Luckily, it’s just as easy to create animations as it is to create plots with Matplotlib.

Matplotlib

Matplotlib – as you can read on the official site – is a comprehensive library for creating static, animated, and interactive visualizations in Python. You can plot interactive graphs, histograms, bar charts, and so on.

How to Install Matplotlib

Installing Matplotlib is simple. Just open up your terminal and run:

pip install matplotlib

Numpy

Also, if you don’t have numpy, please install it so you can follow the examples in this tutorial:

pip install numpy

How to Plot with Matplotlib

Even though this tutorial is about animations in Matplotlib, first let’s create a simple static graph of a sine wave:

import numpy as np
import matplotlib.pyplot as plt

x = np.arange(0, 10, 0.1)
y = np.sin(x)

fig = plt.figure()
ax = plt.axes(xlim=(0, 10), ylim=(-1.1, 1.1))
diagram = plt.plot(x, y)
 
plt.show()
A basic sine wave

How to Animate with Matplotlib

To create an animation with Matplotlib you need to use Matplotlib’s animation framework’s FuncAnimation class.
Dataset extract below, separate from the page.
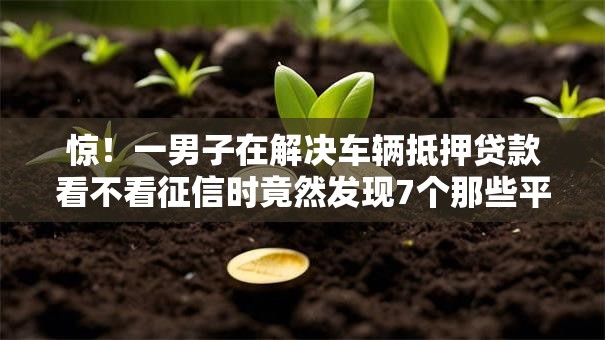 惊!一男子在解决车辆抵押贷款看不看征信时竟然发现7个那些平台可以贷款,事后分享了出来 惊!一男子在解决车辆抵押贷款看不看征信时竟然发现7个那些平台可以贷款,事后分享了出来
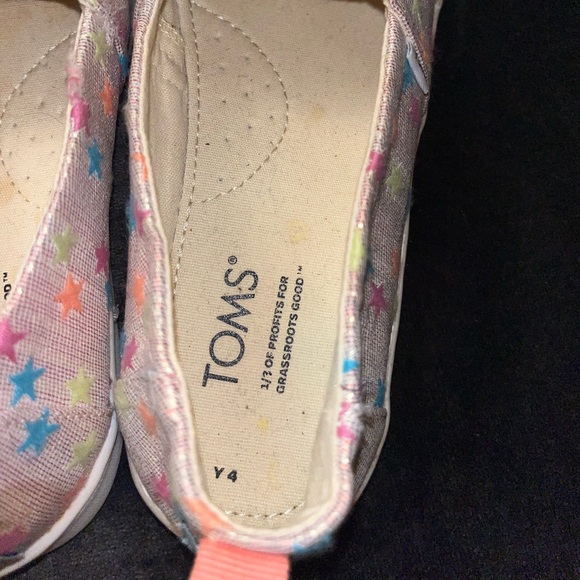 Big Girls TOMS Alpargata shoes Pink Glimmer Stars, size youth 4 - Picture 5 of 9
For instance, let’s create an animation of a sine wave:

import numpy as np
from matplotlib import pyplot as plt
from matplotlib.animation import FuncAnimation

fig = plt.figure()
ax = plt.axes(xlim=(0, 5), ylim=(-1.5, 1.5))
line, = ax.plot([], [], lw=2)

def init():
    line.set_data([], [])
    return line,

def animate(i):
    x = np.linspace(0, 5, 500)
    y = np.sin(2 * np.pi * (x + 0.02 * i))
    line.set_data(x, y)
    return line,

sinewawe_animation = FuncAnimation(fig, animate, init_func=init, frames=200, interval=20, blit=True)
sinewawe_animation.save("Animation.gif")

plt.show()

We have:

Let’s then go through the code above in a bit more detail to better understand how animations work with Matplotlib.

Lines 1–3

Here you add the required libraries. In particular, we add the FuncAnimation class that can be used to create an animation for you.

Lines 5–7

fig = plt.figure()
ax = plt.axes(xlim=(0, 5), ylim=(-1.5, 1.5))
line, = ax.plot([], [], lw=2)

Here you first create an empty window for the animation figure. Then you create an empty line object. This line is later modified to form the animation.

Lines 9–11

def init():
    line.set_data([], [])
    return line,

Here you create an init() function that sets the initial state for the animation.

Lines 13–17

You then create an animate() function. This is the function that gives rise to the sine wave. It takes the frame number i as its argument, then it creates a sine wave that is shifted according to the frame number (the bigger it is, the more the wave is shifted). Finally, it returns the updated line object. Now the animation framework updates the graph based on how the line has changed.

def animate(i):
    x = np.linspace(0, 5, 500)
    y = np.sin(2 * np.pi * (x + 0.02 * i))
    line.set_data(x, y)
    return line,

Line 19

sinewawe_animation = FuncAnimation(fig, animate, init_func=init, frames=200, interval=20, blit=True)

This line of code puts it all together and creates the actual animation object. It simply:

  • Renders an animation to the figure fig by repeatedly calling the animate() function starting from the initial state defined by init()
  • The number of frames rendered to “one round of animation” is 200.
  • A delay between two frames is 20 milliseconds (1000ms / 20ms = 50 FPS).
  • (The blit=True makes sure only changed pieces of the plot are drawn, to improve the efficiency)

Line 21

sinewawe_animation.save("Animation.gif")

This piece of code is used to generate an animated gif (the same one I used in this tutorial to show you the animation)

Line 22

You guessed it — this line shows the animation.